> [WORK TO COMPLETE]: Check every line of the data below for "Open". Copy each one that has it.

[Source data]
····················

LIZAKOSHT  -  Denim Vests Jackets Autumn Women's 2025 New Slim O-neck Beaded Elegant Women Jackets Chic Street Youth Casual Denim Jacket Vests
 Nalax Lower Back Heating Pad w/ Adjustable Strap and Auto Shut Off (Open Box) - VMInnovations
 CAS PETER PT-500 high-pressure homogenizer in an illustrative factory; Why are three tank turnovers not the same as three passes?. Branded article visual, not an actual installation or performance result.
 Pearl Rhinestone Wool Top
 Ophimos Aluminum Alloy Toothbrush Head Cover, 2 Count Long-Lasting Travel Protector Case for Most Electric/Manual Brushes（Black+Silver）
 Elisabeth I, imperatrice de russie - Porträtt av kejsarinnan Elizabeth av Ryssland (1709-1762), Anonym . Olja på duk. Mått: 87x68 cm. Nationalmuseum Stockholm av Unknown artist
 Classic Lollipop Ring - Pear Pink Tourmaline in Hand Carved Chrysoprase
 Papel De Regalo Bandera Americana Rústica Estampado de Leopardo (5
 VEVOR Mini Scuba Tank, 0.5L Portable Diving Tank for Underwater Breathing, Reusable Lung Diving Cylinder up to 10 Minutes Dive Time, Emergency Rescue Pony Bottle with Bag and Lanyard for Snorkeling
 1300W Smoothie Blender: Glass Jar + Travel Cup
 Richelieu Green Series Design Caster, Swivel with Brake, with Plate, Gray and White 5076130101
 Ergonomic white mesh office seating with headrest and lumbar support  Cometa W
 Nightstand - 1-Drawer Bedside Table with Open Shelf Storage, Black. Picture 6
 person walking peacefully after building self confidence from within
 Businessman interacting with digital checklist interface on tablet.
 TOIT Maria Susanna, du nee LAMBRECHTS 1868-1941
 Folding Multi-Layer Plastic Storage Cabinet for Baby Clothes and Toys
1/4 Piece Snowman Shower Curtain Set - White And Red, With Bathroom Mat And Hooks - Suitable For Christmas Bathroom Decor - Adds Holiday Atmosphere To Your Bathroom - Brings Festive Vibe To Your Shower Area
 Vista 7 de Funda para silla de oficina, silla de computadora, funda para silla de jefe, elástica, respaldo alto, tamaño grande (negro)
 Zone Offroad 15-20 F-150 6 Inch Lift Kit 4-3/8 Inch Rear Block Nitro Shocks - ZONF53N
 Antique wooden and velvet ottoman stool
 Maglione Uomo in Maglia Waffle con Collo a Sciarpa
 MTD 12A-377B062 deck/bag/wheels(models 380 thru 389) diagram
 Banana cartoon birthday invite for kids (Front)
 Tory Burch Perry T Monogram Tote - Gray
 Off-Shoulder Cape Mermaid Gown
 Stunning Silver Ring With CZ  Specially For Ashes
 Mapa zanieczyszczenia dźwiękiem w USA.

····················

> [SOLUTION TO THE EXERCISE]:
 Nalax Lower Back Heating Pad w/ Adjustable Strap and Auto Shut Off (Open Box) - VMInnovations
 Nightstand - 1-Drawer Bedside Table with Open Shelf Storage, Black. Picture 6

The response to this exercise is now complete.